▸ **Data supplied**
━━━━━━━━━━━━━━━━━━━━━━━━━━━━━━

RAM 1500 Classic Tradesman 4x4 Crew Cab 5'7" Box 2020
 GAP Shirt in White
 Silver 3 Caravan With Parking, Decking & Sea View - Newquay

━━━━━━━━━━━━━━━━━━━━━━━━━━━━━━

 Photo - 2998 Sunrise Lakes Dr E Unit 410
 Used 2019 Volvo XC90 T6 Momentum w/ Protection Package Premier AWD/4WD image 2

━━━━━━━━━━━━━━━━━━━━━━━━━━━━━━

▸ **Problem details**
Return only the lines between the one holding "GAP Shirt in White" and the one holding "Silver 3 Caravan", inclusive, exactly as they appear above.

▸ **Answer to this exercise**
 GAP Shirt in White
 Silver 3 Caravan With Parking, Decking & Sea View - Newquay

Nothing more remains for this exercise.